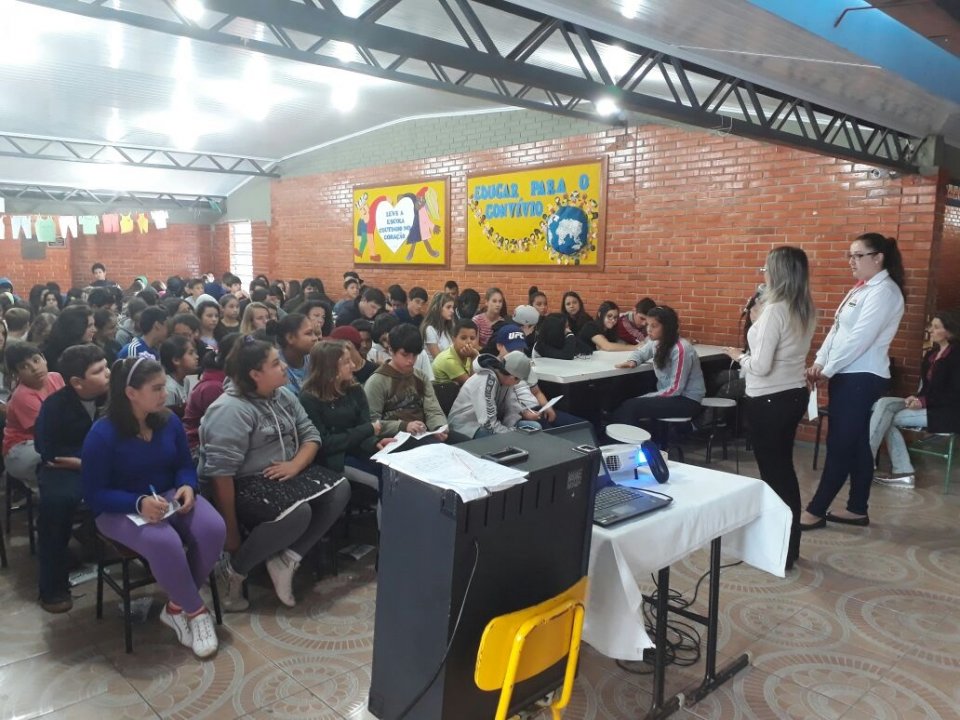 Cinema da Prevenção na Escola Dom José Coutinho em Sarandi (RS)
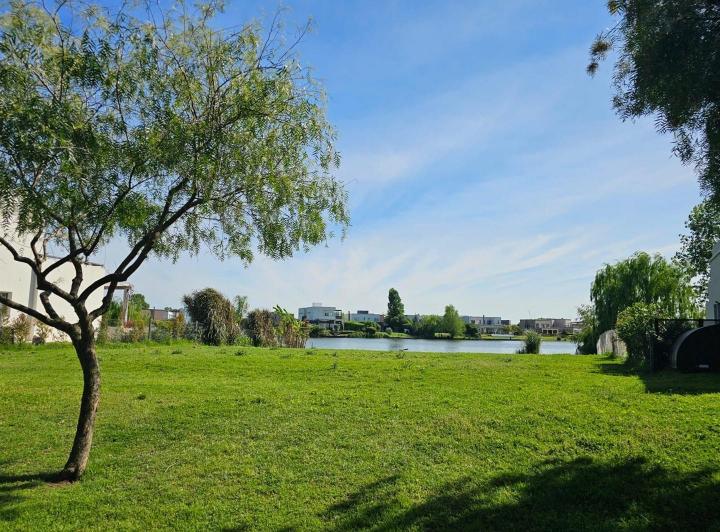 Terreno · 900m²
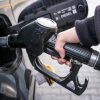 Diesel, niente accise mobili: stop allo sconto, i prezzi salgono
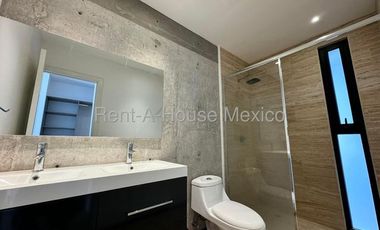 Rento amplio departamento en altos de juriquilla 3 recamaras 3 baños 2 autos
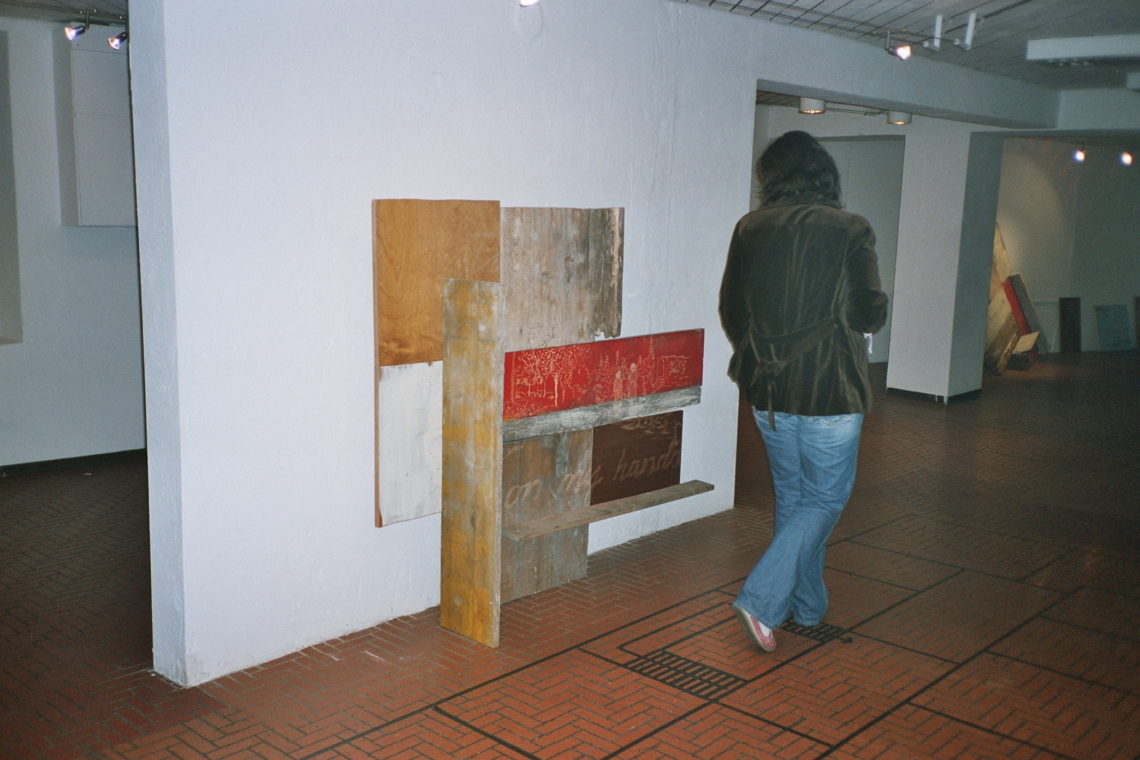 Jean-Claude Freymond-Guth "You will miss me when I burn", message salon Rigiplatz, Zurich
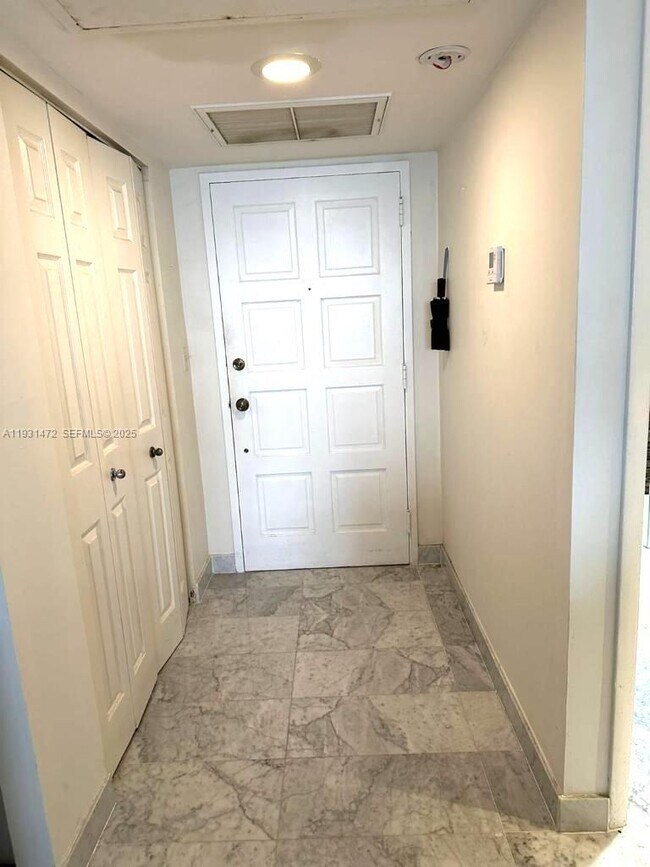 Building Photo - 11111 Biscayne Blvd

- - - - -

» **Activity**
Set down word for word, from the line that contains "salon Rigiplatz, Zurich" to the end of the listing above, every line and no picture.

» **Written reply**
 Jean-Claude Freymond-Guth "You will miss me when I burn", message salon Rigiplatz, Zurich
 Building Photo - 11111 Biscayne Blvd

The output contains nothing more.